DESCRIPTION OF THE TASK:
Return exactly the lines from the one containing "Levně Unisex tričko z bio bavlny - military" through the last line of the records below, both included, and leave out any pictures.
======== MATERIAL PROVIDED
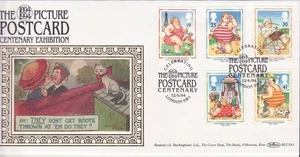GB Stamps First Day Cover  Seaside, Comic Picture Postcard Centenary BENHAM 1994 - Picture 1 of 1
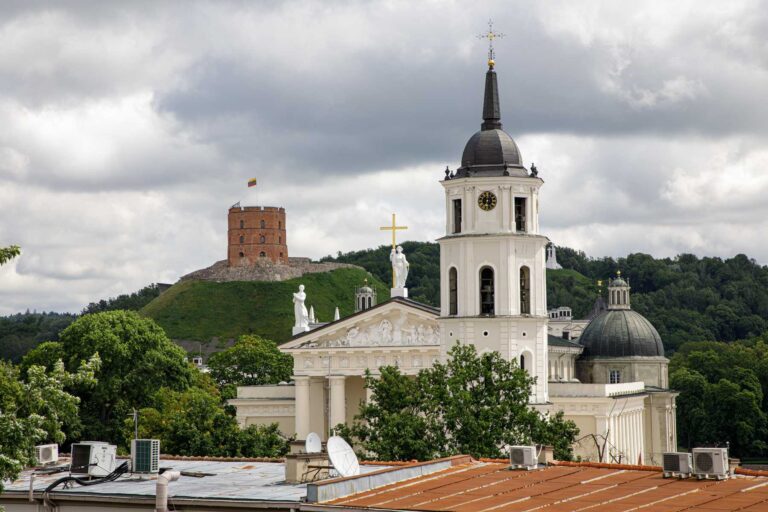 Widok na Wilno.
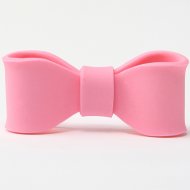 Petit Noeud en Sucre Rose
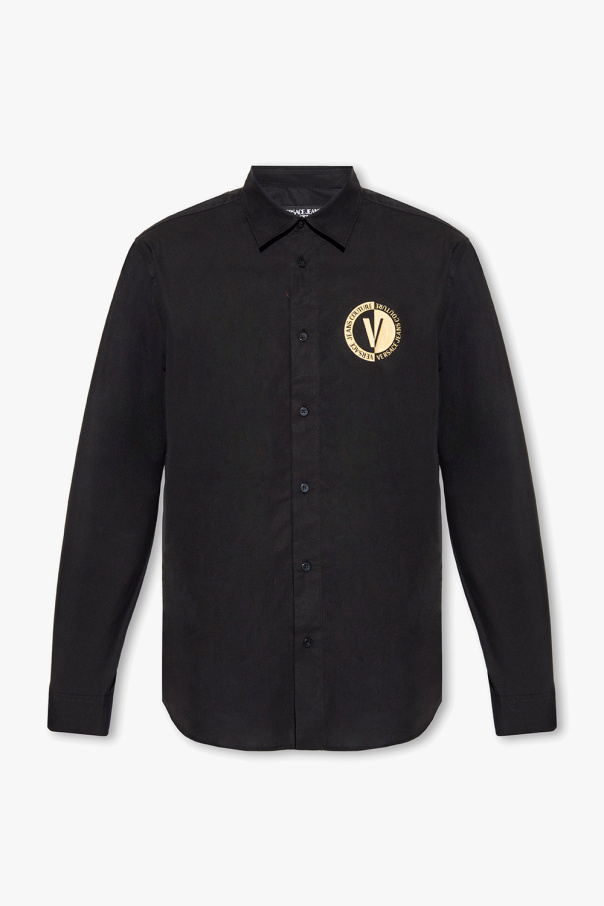 Versace Jeans Couture logo-print cotton blend sweatshirt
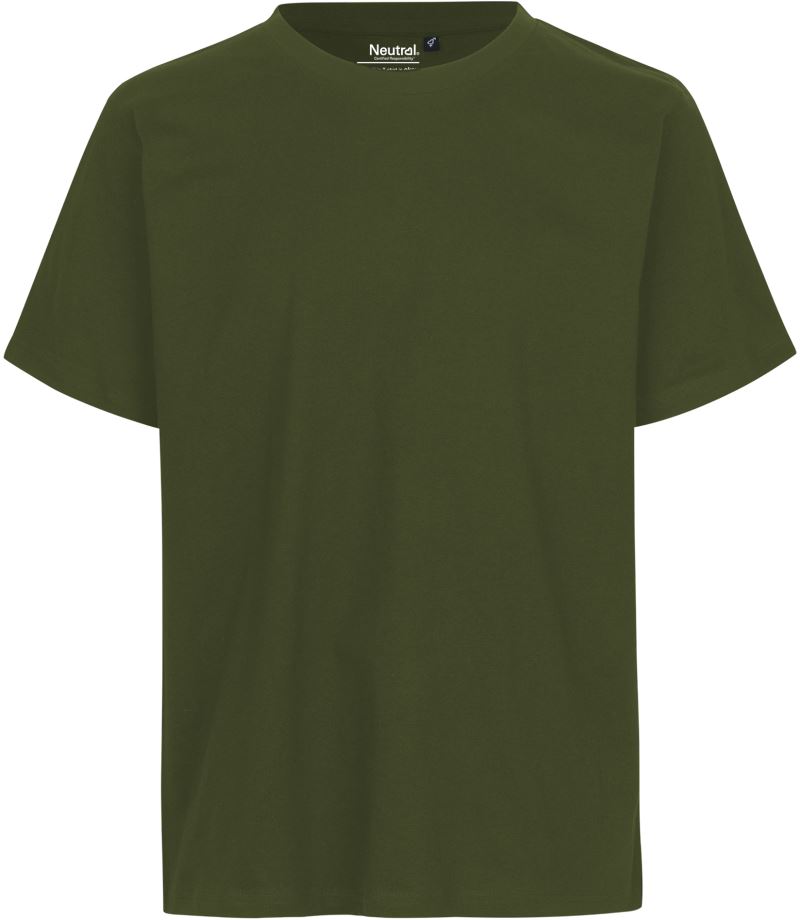 Levně Unisex tričko z bio bavlny - military
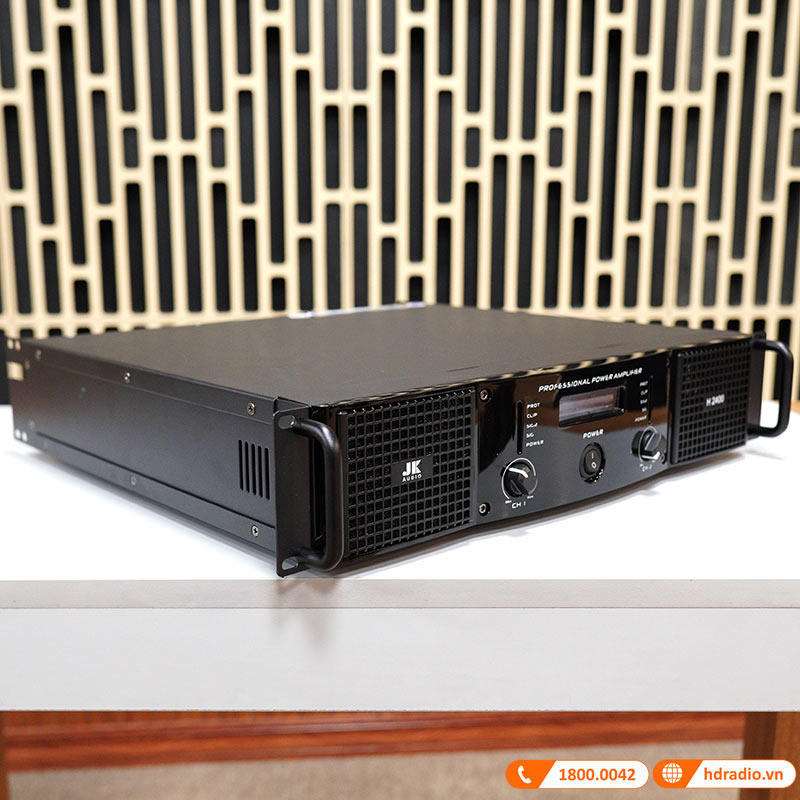 Cục công suất JKAudio H2400, 400W x 2 Kênh, Class H-2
================
RESPONSE TO THE EXERCISE:
 Levně Unisex tričko z bio bavlny - military
 Cục công suất JKAudio H2400, 400W x 2 Kênh, Class H-2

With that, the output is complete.